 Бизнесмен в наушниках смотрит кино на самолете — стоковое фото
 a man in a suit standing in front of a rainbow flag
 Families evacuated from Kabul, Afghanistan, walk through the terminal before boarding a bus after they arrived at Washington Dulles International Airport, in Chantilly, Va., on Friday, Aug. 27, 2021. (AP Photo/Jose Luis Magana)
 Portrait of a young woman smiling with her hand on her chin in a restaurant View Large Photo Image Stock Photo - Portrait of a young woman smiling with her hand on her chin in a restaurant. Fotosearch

____

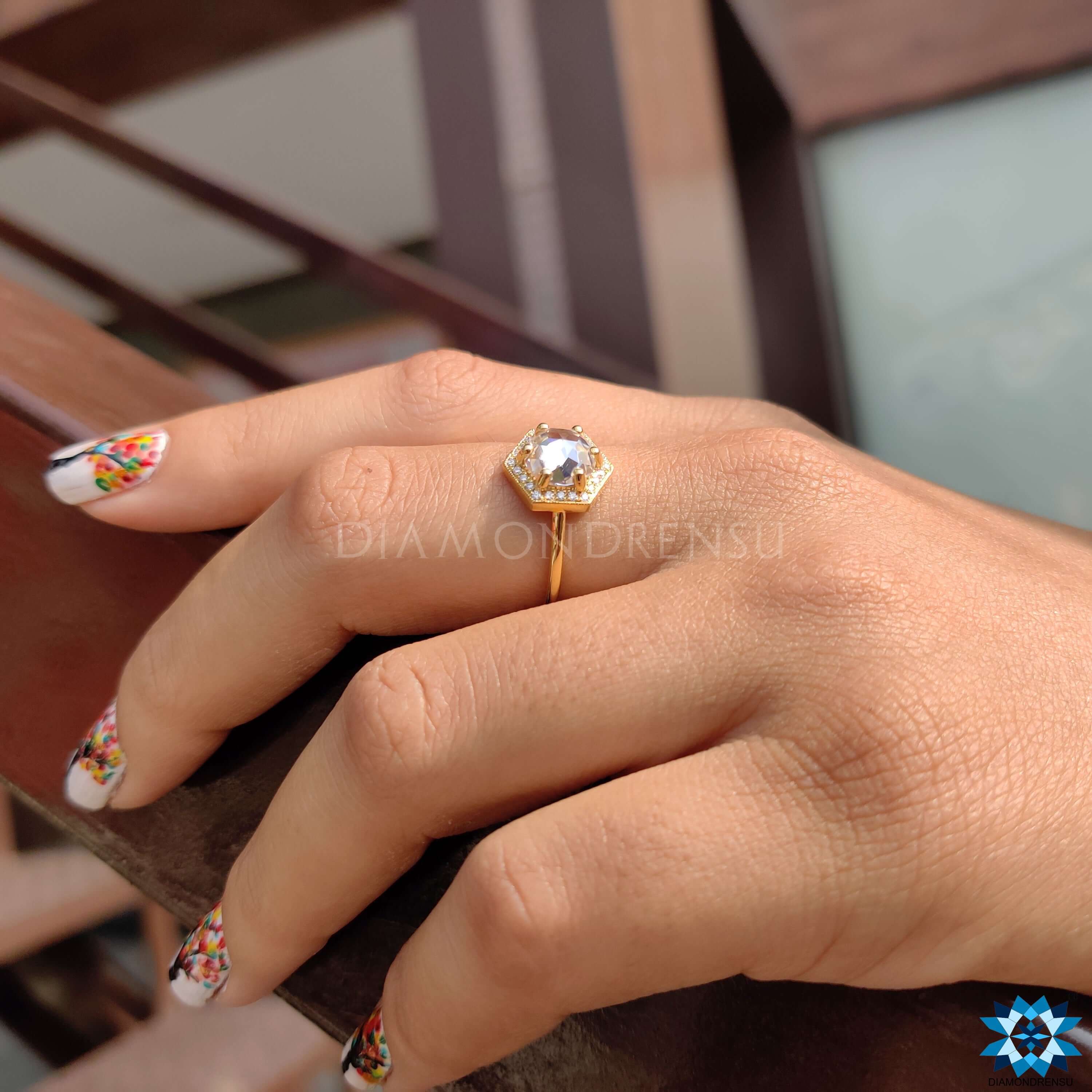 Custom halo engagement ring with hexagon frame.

____

--- Exercise details ---
Reproduce, character for character, only the lines of the preceding data that start at the line with "a man in a suit" and end at the line with "a restaurant. Fotosearch", both included.

--- Worked solution ---
 a man in a suit standing in front of a rainbow flag
 Families evacuated from Kabul, Afghanistan, walk through the terminal before boarding a bus after they arrived at Washington Dulles International Airport, in Chantilly, Va., on Friday, Aug. 27, 2021. (AP Photo/Jose Luis Magana)
 Portrait of a young woman smiling with her hand on her chin in a restaurant View Large Photo Image Stock Photo - Portrait of a young woman smiling with her hand on her chin in a restaurant. Fotosearch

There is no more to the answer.